Classic combos for asparagus are melted butter or Hollandaise, but though once a fan of this elegantly simple partnership, I am beginning to find it rather cloying – so I’m more likely to dress the warm asparagus in a vinaigrette and eat it warm or cold with a little Parmesan. Grilling is good too – but it’s best to grill without drenching the asparagus in oil first – this is likely to burn the oil and give a bitter after taste that is difficult to shrug off. Wrap it also in Parma ham – and bake (having first par boiled the asparagus) sprinkle Parmesan over before baking. Another classic pairing is asparagus and eggs, either in a mouselline, omelette, quiche, or as I have done here with soft boiled egg – the egg could also be poached. If a runny egg is a little too gloopy for your tastes, cook it longer. In fact, you can hard boil your eggs and grate it over the asparagus to make mimosa salad.

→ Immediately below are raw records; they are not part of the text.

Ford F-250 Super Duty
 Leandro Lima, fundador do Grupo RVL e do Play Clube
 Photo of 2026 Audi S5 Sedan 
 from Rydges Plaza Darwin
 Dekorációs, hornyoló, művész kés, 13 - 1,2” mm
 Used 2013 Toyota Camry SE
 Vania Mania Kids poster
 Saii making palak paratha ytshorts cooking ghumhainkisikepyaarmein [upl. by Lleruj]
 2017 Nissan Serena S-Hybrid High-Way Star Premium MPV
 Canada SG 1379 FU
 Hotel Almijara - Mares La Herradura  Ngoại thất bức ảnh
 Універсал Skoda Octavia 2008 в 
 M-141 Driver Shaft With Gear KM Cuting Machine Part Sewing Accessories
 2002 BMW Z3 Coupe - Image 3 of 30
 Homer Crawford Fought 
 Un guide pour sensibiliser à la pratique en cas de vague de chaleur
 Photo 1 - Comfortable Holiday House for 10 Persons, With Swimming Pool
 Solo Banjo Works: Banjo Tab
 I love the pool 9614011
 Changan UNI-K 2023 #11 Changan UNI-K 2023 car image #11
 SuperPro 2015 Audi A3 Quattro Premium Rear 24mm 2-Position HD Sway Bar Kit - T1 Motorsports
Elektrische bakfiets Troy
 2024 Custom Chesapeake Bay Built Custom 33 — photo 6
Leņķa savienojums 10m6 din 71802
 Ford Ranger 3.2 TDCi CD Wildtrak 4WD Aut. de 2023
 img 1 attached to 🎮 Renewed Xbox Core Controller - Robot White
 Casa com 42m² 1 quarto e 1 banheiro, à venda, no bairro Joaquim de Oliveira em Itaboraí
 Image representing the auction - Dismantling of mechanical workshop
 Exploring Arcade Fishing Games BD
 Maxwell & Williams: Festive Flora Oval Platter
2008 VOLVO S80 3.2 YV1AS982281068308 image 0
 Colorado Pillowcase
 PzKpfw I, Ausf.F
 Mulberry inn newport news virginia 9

- Boil the eggs. The only way to be sure of cooking your eggs to perfection is to test one first. Bring a large pan of water to the boil. Place one egg in the water and time for 6 minutes. After this time put the egg in a bowl of cold water and allow to cool slightly. Peel the egg and cut in half, make adjustments for more or less time depending on how runny you want your eggs and cook the remaining eggs. Peel and keep warm.
- Cook the asparagus. Hold the asparagus at the base with one hand and halfway up the spear with the other and bend. The natural break will leave the tender portion of the spear. (Do try to coax the break as near the base as possible). Save the stalk ends for making an asparagus stock (to put into a risotto or a soup…). Fill a large saucepan (with a lid) with 1cm – 2cm salted water and bring to the boil. Add the asparagus and cook with the lid on until the tip of a knife can be pushed into the base with no resistance. Remove from the water and drain.
- Make the toast. Cut the bread and place on a hot grill pan, turn after a few minutes and ensure there are dark scorched grill marks. Drizzle olive oil over the bread and continue to cook. Remove when toasted and hot.
- Finish the salad. Wash and dry the rocket. Make a vinaigrette by whisking the vinegar, oil, salt and pepper together. Place a small handful of rocket on each plate, divide the asparagus and pile on each plate, cut the eggs in half and arrange over the asparagus, drizzle over the dressing, scatter Parmesan shavings and serve with the grilled toast.